ACTIVITY ->
Extract the records in full, leaving every picture out.

:: GIVEN DATA

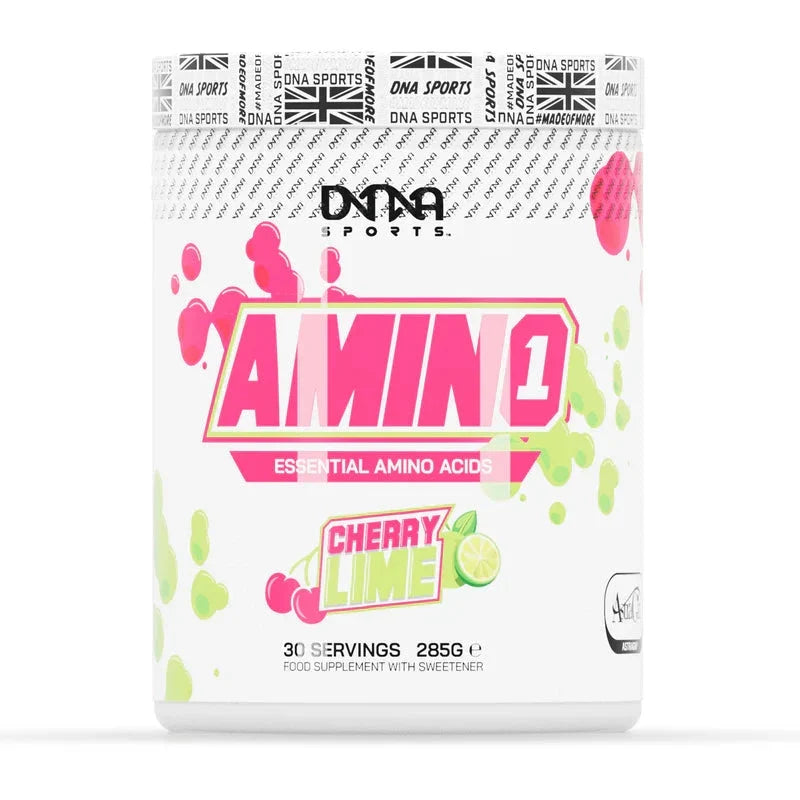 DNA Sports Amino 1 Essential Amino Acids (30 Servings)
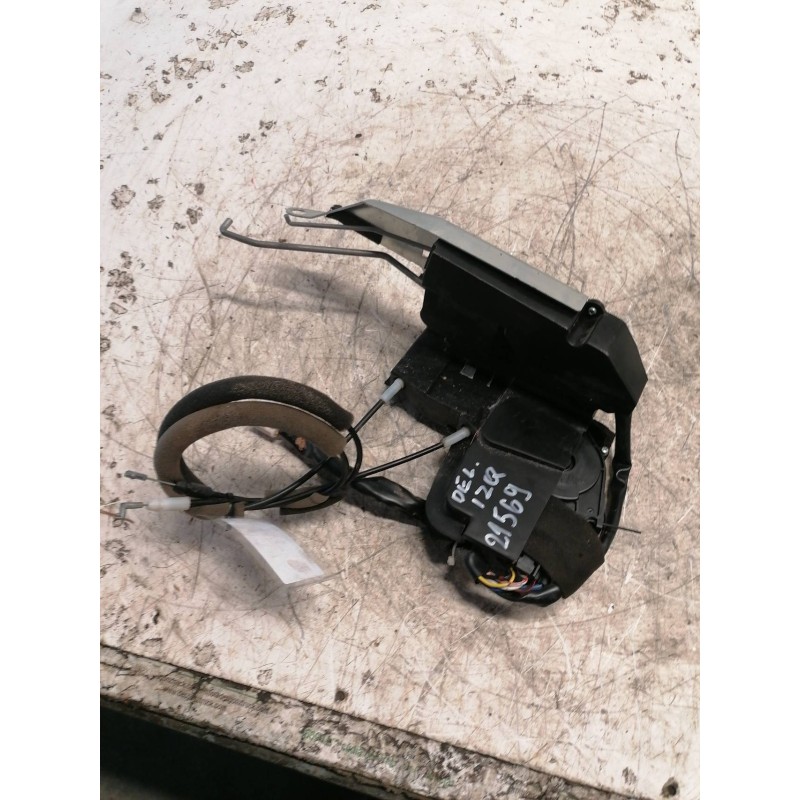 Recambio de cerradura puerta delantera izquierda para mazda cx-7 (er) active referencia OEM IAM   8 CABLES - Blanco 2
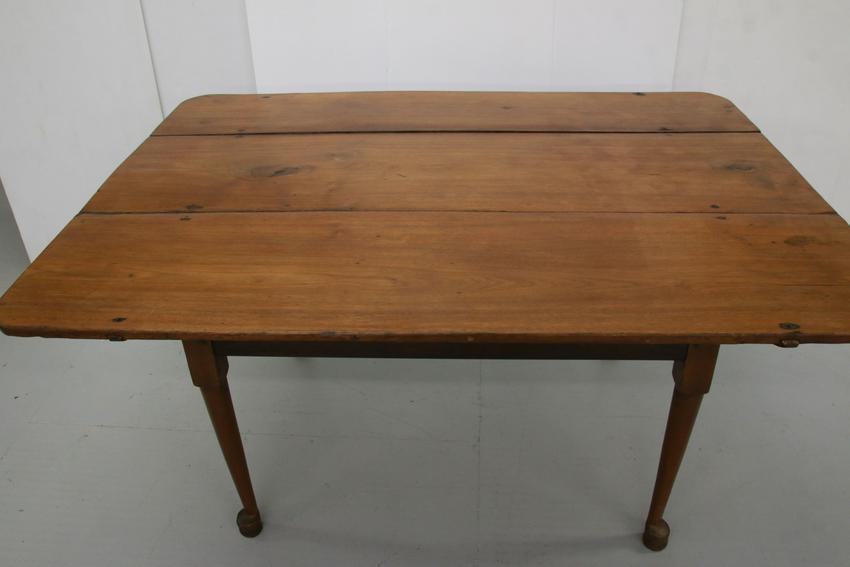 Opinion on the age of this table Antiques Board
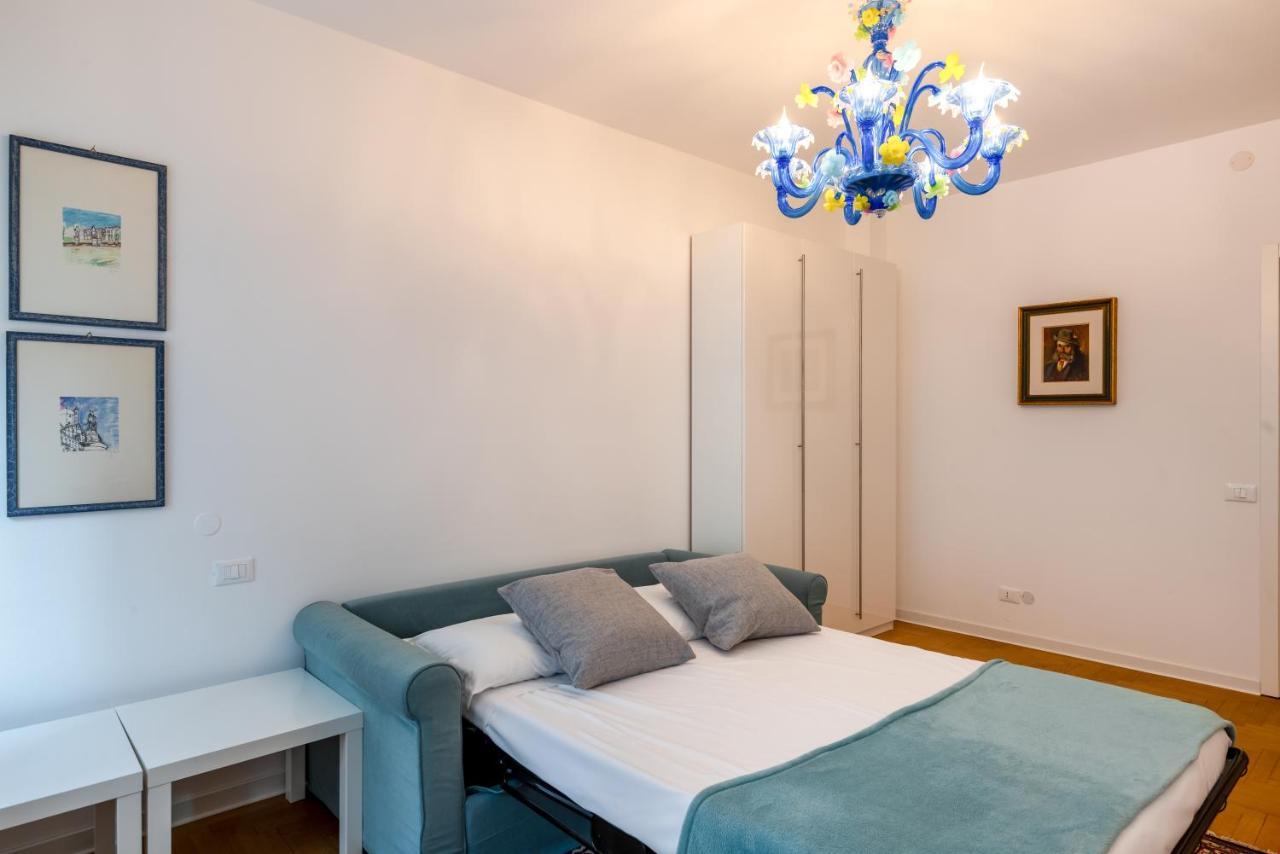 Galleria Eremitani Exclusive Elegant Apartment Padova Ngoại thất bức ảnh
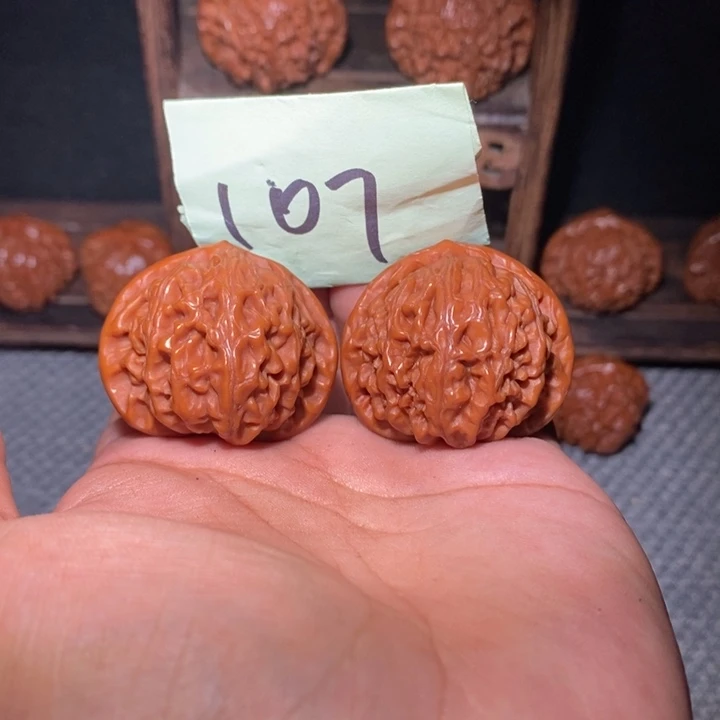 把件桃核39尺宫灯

::::

ANSWER FOR THE TASK ->
 DNA Sports Amino 1 Essential Amino Acids (30 Servings)
 Recambio de cerradura puerta delantera izquierda para mazda cx-7 (er) active referencia OEM IAM   8 CABLES - Blanco 2
 Opinion on the age of this table Antiques Board
 Galleria Eremitani Exclusive Elegant Apartment Padova Ngoại thất bức ảnh
 把件桃核39尺宫灯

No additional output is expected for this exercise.